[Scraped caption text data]
**********

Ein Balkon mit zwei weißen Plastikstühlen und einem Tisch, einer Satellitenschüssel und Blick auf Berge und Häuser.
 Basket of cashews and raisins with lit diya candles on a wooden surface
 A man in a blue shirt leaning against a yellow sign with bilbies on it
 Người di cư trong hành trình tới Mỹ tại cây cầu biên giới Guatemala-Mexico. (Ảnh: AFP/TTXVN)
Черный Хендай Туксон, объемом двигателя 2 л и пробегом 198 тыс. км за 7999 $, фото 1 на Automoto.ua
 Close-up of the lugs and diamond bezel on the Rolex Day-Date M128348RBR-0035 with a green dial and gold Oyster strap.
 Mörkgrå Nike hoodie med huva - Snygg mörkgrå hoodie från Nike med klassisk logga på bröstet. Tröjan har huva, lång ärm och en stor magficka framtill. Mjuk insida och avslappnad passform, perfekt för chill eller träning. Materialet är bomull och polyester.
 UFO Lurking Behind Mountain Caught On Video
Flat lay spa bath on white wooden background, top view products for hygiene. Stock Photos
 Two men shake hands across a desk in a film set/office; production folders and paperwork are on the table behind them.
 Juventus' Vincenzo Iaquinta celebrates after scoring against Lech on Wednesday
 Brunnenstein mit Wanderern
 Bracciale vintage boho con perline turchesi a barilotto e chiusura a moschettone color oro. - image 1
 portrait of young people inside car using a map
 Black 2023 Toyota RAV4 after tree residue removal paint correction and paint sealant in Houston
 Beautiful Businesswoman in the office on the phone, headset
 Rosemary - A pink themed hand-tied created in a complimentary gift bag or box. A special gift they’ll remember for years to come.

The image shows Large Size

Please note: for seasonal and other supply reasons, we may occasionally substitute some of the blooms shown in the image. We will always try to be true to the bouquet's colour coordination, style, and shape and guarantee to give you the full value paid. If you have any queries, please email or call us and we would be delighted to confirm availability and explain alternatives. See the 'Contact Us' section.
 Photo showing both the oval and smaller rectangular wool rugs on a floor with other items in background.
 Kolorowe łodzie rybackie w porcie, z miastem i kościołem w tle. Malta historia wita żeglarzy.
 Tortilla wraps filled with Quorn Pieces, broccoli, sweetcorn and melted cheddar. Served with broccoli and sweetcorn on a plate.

**********

Pull out all lines in the data above that include "image".

 Bracciale vintage boho con perline turchesi a barilotto e chiusura a moschettone color oro. - image 1
The image shows Large Size
Please note: for seasonal and other supply reasons, we may occasionally substitute some of the blooms shown in the image. We will always try to be true to the bouquet's colour coordination, style, and shape and guarantee to give you the full value paid. If you have any queries, please email or call us and we would be delighted to confirm availability and explain alternatives. See the 'Contact Us' section.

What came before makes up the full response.